» **About this task**
Set down word for word the lines that begin the entries and run through the line containing "Set di divani con". Give nothing further.

******************************

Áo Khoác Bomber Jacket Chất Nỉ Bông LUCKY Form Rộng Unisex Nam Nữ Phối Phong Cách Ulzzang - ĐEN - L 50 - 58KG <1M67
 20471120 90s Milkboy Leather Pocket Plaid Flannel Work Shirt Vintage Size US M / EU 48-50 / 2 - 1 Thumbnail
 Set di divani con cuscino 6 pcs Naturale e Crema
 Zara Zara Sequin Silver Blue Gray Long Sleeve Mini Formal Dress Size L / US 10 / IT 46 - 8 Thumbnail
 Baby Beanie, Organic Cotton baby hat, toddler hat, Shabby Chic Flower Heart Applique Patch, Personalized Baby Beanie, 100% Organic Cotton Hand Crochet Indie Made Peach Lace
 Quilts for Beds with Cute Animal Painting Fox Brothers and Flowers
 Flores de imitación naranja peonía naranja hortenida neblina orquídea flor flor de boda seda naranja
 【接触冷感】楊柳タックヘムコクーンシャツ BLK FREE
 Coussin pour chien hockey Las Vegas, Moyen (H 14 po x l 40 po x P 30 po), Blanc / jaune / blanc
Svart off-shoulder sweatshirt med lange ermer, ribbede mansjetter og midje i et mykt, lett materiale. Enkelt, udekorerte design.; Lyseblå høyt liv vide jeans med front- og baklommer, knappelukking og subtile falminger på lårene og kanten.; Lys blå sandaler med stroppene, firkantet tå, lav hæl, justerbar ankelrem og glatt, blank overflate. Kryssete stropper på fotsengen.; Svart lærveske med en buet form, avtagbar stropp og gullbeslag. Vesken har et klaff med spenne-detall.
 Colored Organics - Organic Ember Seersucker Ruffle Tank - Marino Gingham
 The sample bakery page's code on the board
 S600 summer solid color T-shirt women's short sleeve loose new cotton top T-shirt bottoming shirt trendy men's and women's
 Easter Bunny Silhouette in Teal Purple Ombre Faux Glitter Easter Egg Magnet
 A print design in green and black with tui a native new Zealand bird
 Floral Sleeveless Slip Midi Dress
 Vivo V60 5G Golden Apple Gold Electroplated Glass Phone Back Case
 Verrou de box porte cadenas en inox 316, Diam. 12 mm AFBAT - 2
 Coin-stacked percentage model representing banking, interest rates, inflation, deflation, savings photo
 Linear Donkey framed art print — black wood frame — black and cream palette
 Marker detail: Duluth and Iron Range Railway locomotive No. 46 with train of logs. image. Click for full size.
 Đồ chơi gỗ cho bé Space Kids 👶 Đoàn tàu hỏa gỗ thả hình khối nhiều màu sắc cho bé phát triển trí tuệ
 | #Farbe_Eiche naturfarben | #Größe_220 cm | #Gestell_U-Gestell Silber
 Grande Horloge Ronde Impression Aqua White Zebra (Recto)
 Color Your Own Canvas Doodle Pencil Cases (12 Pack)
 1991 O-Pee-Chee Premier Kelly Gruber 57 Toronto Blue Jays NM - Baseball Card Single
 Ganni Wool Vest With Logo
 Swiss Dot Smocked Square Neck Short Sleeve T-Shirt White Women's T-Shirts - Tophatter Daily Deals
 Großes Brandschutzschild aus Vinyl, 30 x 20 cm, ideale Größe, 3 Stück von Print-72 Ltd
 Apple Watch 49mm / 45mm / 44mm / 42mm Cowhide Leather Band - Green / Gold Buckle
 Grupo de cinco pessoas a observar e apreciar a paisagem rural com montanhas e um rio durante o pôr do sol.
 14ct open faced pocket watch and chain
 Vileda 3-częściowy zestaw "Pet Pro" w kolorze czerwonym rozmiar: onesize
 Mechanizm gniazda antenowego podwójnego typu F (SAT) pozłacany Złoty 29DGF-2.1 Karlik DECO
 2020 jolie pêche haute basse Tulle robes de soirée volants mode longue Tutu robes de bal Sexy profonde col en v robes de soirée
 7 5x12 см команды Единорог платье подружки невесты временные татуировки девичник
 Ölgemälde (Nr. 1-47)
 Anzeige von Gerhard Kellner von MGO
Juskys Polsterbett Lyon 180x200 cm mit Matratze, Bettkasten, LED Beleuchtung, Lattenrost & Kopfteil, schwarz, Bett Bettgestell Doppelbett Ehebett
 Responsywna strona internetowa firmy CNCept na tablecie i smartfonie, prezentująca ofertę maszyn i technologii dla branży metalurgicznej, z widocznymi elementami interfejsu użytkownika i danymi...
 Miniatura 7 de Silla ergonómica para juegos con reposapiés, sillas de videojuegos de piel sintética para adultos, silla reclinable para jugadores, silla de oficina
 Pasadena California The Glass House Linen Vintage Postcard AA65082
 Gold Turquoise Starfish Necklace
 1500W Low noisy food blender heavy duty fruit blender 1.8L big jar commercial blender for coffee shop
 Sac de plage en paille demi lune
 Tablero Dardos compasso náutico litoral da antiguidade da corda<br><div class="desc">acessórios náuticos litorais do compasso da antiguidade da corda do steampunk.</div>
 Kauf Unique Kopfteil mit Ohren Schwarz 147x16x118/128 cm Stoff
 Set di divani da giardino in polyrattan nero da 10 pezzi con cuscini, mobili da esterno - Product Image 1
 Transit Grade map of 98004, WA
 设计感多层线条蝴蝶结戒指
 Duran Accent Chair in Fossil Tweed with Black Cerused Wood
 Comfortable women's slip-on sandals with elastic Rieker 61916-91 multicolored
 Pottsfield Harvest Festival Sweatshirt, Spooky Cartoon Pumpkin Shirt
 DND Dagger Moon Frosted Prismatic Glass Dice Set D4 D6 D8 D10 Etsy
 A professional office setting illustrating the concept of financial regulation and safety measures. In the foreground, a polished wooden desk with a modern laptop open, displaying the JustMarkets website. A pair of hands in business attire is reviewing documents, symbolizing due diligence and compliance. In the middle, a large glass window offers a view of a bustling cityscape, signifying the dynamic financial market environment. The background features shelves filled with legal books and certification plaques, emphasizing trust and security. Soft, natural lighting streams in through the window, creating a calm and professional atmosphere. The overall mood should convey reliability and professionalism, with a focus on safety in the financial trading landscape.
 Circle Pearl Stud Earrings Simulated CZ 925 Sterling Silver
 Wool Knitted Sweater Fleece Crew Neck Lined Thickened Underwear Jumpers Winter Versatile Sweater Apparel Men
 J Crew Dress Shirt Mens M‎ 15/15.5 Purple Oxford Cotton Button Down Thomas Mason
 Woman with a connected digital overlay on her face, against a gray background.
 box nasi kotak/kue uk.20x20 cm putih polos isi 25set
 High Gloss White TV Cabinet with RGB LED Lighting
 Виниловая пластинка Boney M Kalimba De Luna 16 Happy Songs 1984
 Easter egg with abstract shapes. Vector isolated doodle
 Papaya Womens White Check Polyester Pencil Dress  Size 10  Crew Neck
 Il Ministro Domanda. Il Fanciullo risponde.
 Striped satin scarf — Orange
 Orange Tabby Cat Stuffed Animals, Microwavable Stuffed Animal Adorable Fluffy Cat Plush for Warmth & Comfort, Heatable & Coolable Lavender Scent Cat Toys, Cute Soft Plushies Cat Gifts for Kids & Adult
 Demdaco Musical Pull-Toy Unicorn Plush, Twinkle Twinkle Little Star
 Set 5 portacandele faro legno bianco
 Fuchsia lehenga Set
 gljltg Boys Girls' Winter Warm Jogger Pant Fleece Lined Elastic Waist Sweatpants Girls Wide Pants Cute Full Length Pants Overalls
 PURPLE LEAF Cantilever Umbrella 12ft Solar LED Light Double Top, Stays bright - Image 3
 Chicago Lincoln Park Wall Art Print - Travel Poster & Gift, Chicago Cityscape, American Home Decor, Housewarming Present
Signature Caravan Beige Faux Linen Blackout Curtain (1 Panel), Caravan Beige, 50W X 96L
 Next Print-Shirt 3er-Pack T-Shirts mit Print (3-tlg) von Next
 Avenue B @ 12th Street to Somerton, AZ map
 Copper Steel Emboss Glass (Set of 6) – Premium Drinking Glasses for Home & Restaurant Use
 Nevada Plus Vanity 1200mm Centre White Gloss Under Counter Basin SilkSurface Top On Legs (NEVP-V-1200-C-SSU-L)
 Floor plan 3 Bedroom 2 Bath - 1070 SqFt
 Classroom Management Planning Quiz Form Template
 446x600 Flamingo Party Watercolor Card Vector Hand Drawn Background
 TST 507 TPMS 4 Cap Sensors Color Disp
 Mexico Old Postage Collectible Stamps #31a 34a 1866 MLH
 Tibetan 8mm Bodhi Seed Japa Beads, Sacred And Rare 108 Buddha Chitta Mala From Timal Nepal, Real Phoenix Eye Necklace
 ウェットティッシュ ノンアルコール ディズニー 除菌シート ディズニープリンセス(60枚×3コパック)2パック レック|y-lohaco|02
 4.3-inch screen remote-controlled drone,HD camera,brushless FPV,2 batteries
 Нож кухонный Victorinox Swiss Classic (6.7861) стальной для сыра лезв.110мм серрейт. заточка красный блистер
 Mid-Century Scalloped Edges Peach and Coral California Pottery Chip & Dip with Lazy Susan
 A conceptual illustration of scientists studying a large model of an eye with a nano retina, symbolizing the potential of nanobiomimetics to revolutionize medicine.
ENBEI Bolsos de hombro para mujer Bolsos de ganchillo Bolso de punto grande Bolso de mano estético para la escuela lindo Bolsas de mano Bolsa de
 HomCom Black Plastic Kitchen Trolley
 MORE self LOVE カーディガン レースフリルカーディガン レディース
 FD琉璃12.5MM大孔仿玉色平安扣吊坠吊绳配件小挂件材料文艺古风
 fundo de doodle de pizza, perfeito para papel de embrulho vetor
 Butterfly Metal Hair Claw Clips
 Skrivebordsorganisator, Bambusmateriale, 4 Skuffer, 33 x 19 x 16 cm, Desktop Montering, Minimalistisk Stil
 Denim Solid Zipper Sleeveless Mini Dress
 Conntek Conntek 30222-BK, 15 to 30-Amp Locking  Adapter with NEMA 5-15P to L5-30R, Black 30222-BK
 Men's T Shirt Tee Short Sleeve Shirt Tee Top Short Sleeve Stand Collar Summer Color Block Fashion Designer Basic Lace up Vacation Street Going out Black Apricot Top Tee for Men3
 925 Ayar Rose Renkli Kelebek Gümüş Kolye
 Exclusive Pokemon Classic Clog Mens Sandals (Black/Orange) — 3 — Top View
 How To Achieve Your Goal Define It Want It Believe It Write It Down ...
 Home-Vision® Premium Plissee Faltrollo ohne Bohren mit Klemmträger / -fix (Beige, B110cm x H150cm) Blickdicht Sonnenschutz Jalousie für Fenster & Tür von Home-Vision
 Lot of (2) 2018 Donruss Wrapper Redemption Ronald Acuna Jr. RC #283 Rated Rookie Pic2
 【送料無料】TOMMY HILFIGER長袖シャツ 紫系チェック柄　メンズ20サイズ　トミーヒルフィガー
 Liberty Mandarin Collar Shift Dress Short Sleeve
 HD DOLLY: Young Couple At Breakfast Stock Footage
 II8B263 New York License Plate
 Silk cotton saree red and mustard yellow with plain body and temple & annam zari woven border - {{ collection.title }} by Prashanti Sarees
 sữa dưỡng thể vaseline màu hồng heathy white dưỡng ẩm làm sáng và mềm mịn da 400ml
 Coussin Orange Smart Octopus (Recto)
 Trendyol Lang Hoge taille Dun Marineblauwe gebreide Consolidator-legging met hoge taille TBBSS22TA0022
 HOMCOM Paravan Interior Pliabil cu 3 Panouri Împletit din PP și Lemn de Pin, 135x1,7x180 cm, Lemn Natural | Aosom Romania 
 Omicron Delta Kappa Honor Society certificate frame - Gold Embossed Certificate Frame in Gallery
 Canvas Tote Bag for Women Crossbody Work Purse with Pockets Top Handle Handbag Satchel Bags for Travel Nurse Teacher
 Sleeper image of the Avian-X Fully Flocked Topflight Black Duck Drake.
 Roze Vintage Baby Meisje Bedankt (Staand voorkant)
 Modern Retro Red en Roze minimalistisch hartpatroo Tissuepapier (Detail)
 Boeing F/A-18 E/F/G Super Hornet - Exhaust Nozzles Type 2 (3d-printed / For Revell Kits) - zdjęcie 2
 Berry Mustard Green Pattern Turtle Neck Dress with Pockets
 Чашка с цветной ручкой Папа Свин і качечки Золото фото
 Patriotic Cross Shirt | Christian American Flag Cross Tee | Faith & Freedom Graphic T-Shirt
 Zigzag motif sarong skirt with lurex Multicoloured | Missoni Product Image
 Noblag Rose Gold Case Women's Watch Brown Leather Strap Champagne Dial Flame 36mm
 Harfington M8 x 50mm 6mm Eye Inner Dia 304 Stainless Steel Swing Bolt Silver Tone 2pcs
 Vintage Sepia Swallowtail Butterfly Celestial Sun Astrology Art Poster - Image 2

******************************

» **Exercise solution**
Áo Khoác Bomber Jacket Chất Nỉ Bông LUCKY Form Rộng Unisex Nam Nữ Phối Phong Cách Ulzzang - ĐEN - L 50 - 58KG <1M67
 20471120 90s Milkboy Leather Pocket Plaid Flannel Work Shirt Vintage Size US M / EU 48-50 / 2 - 1 Thumbnail
 Set di divani con cuscino 6 pcs Naturale e Crema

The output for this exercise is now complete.